* **About this exercise**
Each record below is to be output unchanged, and any picture is to be dropped.

= Beginning of Section =

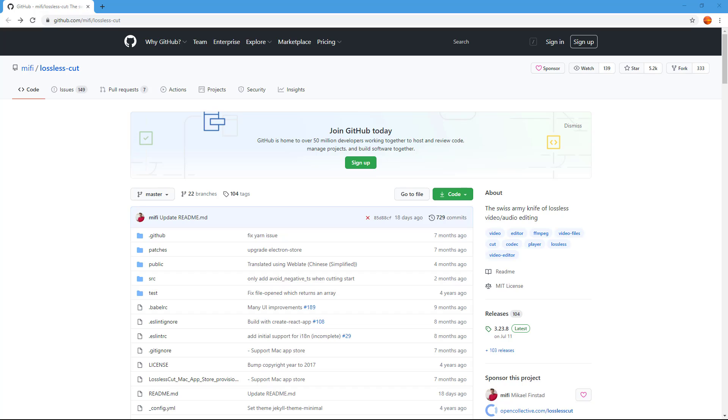LosslessCut is a free video cutting software that allows you to cut out sections of videos and then export them out quickly without re-encoding them, which makes it very fast and easy to export large video files in a very short time.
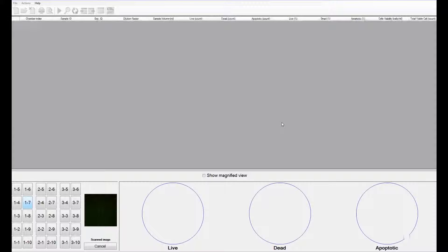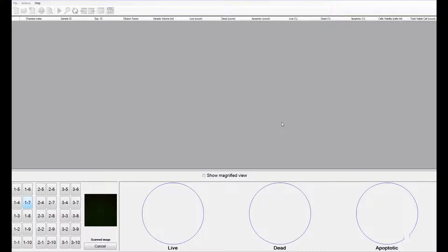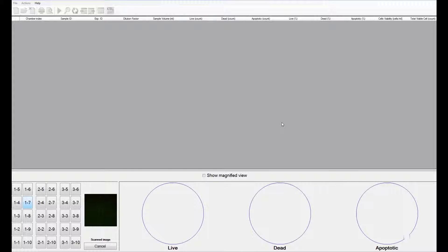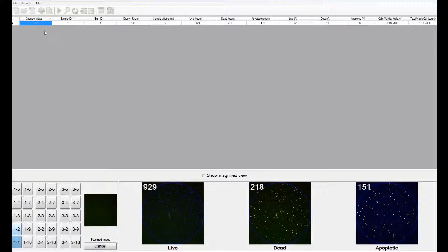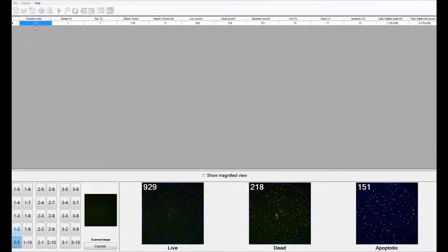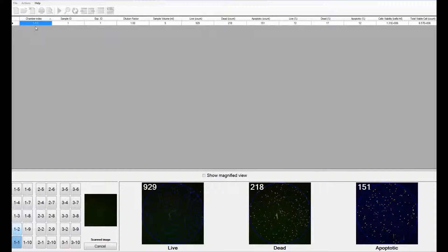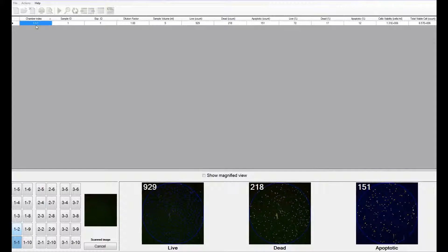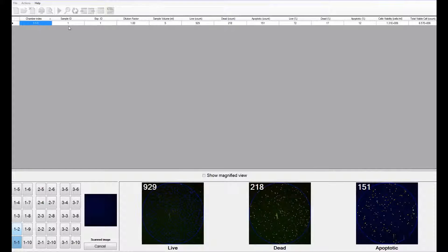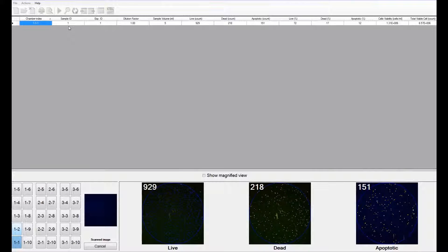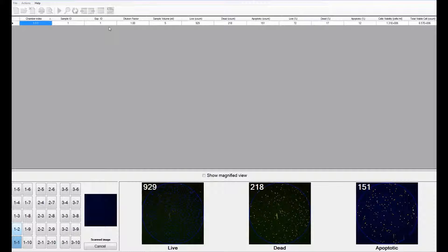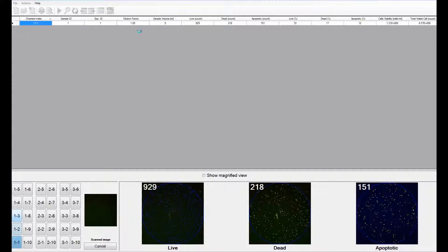You can watch the software computing the live, dead, and apoptotic cell numbers and then displaying them as and when it analyzes each chamber. The software displays the chamber index, 1, 1, 1, which represents the first tray of the first hemocytometer and the first chamber. If you had entered sample IDs, that would show up here, and so would the experiment IDs.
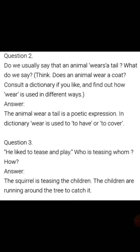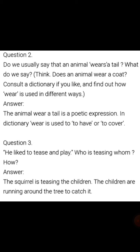Question number 3: 'He liked to tease and play.' Who is teasing, and how? Answer: The squirrel is teasing the children. The children are running around the tree trying to catch it.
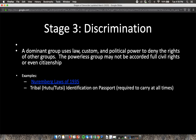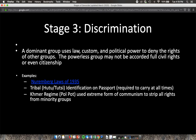In the Rwandan genocide — and I'm trying to bring up multiple genocide examples to give you a broader concept of these stages — everyone had to have identification on their passport that distinguished their tribe, whether they were Hutu or Tutsi, and they were required to carry that at all times. And in the Khmer regime in Cambodia under Pol Pot, they used an extreme form of communism to strip all rights from minority groups — using political power to take away civil rights.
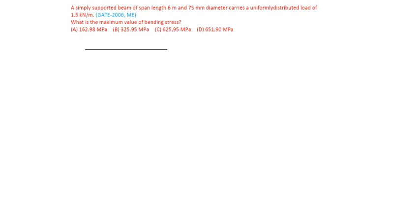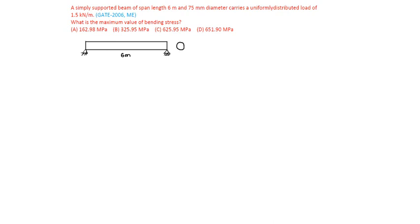The simply supported beam is 6 meters span. Its cross section is circular of 75 mm diameter. It is carrying a uniformly distributed load of 1.5 kilonewton per meter.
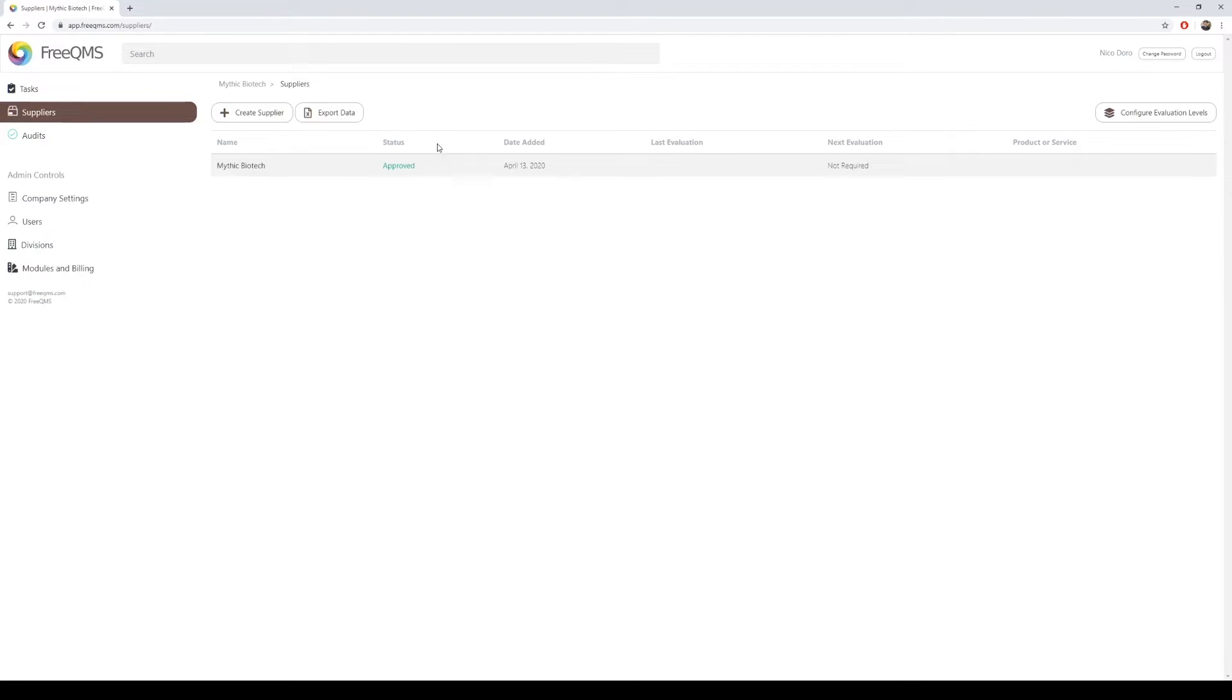We are going to enter and approve a new test supplier, ABC Chemical. Click create supplier.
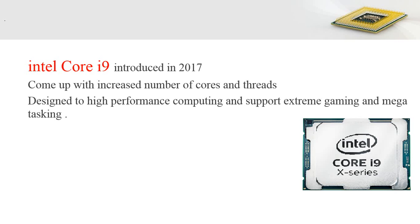In summary, microprocessors span five generations: first generation with 4-bit processing, second with 8-bit, third with 16-bit, fourth with 32-bit, and fifth with 64-bit processing capability. We are currently in the fifth generation. This overview has covered the evolution of different microprocessors, mainly based on Intel processors. Thank you.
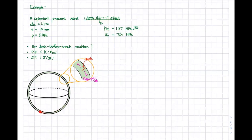We have a thin spherical pressure vessel. When you look at the surface, there is a crack. As you know, the stress sigma_θθ equals PR over 2T. The crack could be penetrating into the thickness.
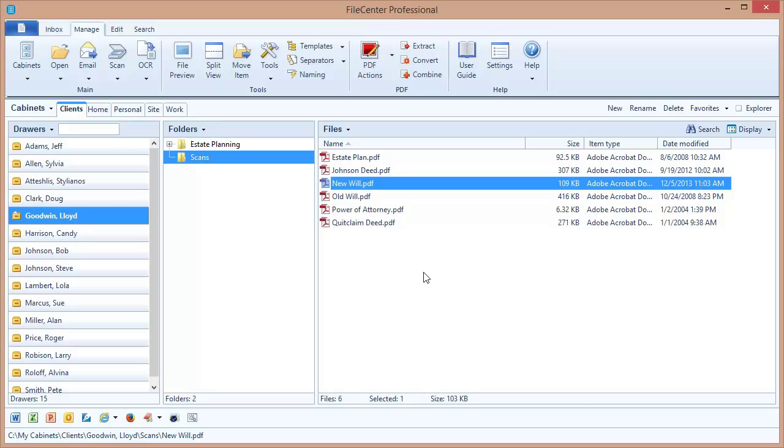So there you can see that not only is it possible to scan a multi-page document with a Flatbed Scanner in FileCenter, FileCenter will do everything it can to make that as painless for you as possible.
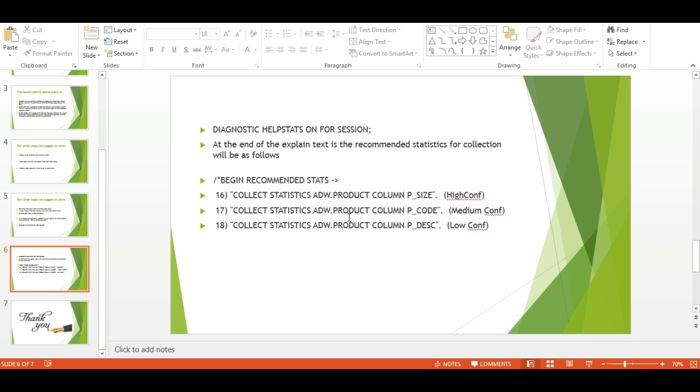This is an example using DIAGNOSTIC HELPSTATS ON FOR SESSION. At the end of the explain plan, you get recommended stats for collection. These include: Collect stats on product column P_SIZE as high confidence, medium confidence, and low confidence. High confidence won't create issues, whereas low or no confidence will cause more problems. Medium confidence is better than low, but collecting it won't create problems.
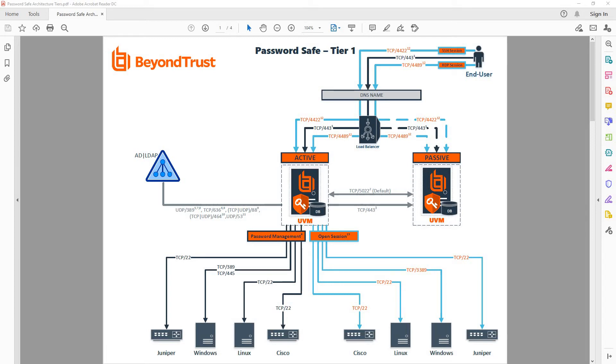Let's talk about proxy sessions with BeyondTrust Password Safe. The BeyondTrust appliance contains many different roles, such as the Password Vault for privileged accounts,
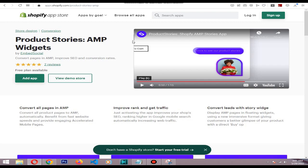After you add this app for your Shopify store, just install it. Then it will detect your products and automatically convert your Shopify pages to AMP pages. AMP means Accelerated Mobile Pages. Then it will also create a story and push those stories to the Google Discovery.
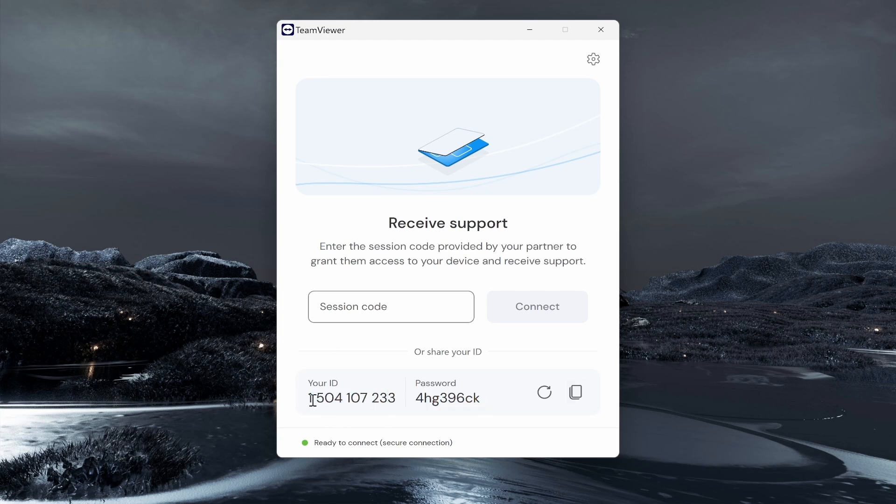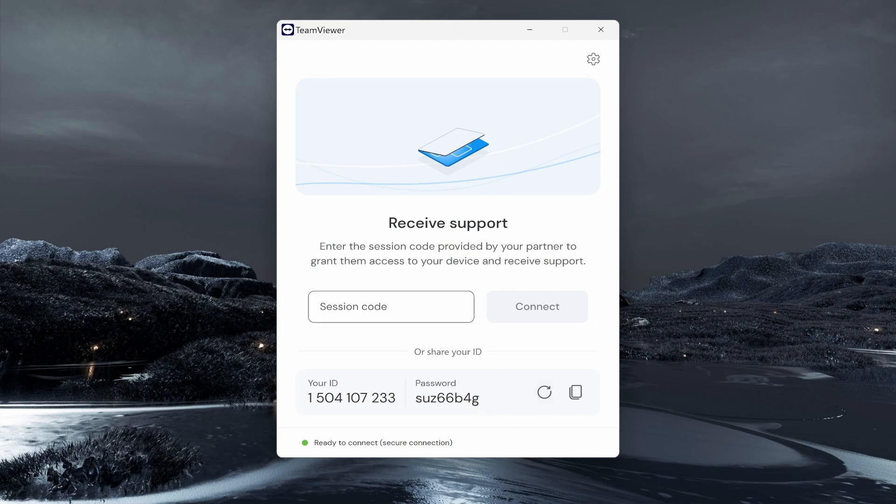Just remember, when you're finished with TeamViewer, you want to reset your password and change it to something else just so nobody else can access your computer. So that's how you can install TeamViewer in Windows 11. I hope that quick video did help you out.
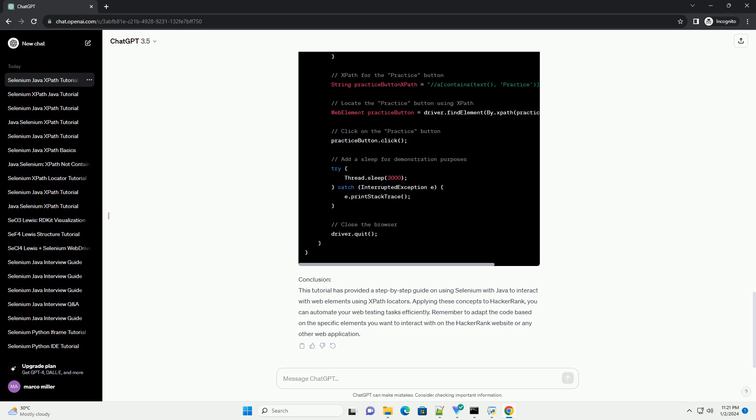Conclusion. This tutorial has provided a step-by-step guide on using Selenium with Java to interact with web elements using XPath locators. Applying these concepts to HackerRank, you can automate your web testing tasks efficiently.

= End of Section =

* **Your response**
LosslessCut is a free video cutting software that allows you to cut out sections of videos and then export them out quickly without re-encoding them, which makes it very fast and easy to export large video files in a very short time.
You can watch the software computing the live, dead, and apoptotic cell numbers and then displaying them as and when it analyzes each chamber. The software displays the chamber index, 1, 1, 1, which represents the first tray of the first hemocytometer and the first chamber. If you had entered sample IDs, that would show up here, and so would the experiment IDs.
Question number 3: 'He liked to tease and play.' Who is teasing, and how? Answer: The squirrel is teasing the children. The children are running around the tree trying to catch it.
In the Rwandan genocide — and I'm trying to bring up multiple genocide examples to give you a broader concept of these stages — everyone had to have identification on their passport that distinguished their tribe, whether they were Hutu or Tutsi, and they were required to carry that at all times. And in the Khmer regime in Cambodia under Pol Pot, they used an extreme form of communism to strip all rights from minority groups — using political power to take away civil rights.
The simply supported beam is 6 meters span. Its cross section is circular of 75 mm diameter. It is carrying a uniformly distributed load of 1.5 kilonewton per meter.
We are going to enter and approve a new test supplier, ABC Chemical. Click create supplier.
In summary, microprocessors span five generations: first generation with 4-bit processing, second with 8-bit, third with 16-bit, fourth with 32-bit, and fifth with 64-bit processing capability. We are currently in the fifth generation. This overview has covered the evolution of different microprocessors, mainly based on Intel processors. Thank you.
We have a thin spherical pressure vessel. When you look at the surface, there is a crack. As you know, the stress sigma_θθ equals PR over 2T. The crack could be penetrating into the thickness.
So there you can see that not only is it possible to scan a multi-page document with a Flatbed Scanner in FileCenter, FileCenter will do everything it can to make that as painless for you as possible.
This is an example using DIAGNOSTIC HELPSTATS ON FOR SESSION. At the end of the explain plan, you get recommended stats for collection. These include: Collect stats on product column P_SIZE as high confidence, medium confidence, and low confidence. High confidence won't create issues, whereas low or no confidence will cause more problems. Medium confidence is better than low, but collecting it won't create problems.
Let's talk about proxy sessions with BeyondTrust Password Safe. The BeyondTrust appliance contains many different roles, such as the Password Vault for privileged accounts,
After you add this app for your Shopify store, just install it. Then it will detect your products and automatically convert your Shopify pages to AMP pages. AMP means Accelerated Mobile Pages. Then it will also create a story and push those stories to the Google Discovery.
Just remember, when you're finished with TeamViewer, you want to reset your password and change it to something else just so nobody else can access your computer. So that's how you can install TeamViewer in Windows 11. I hope that quick video did help you out.
Conclusion. This tutorial has provided a step-by-step guide on using Selenium with Java to interact with web elements using XPath locators. Applying these concepts to HackerRank, you can automate your web testing tasks efficiently.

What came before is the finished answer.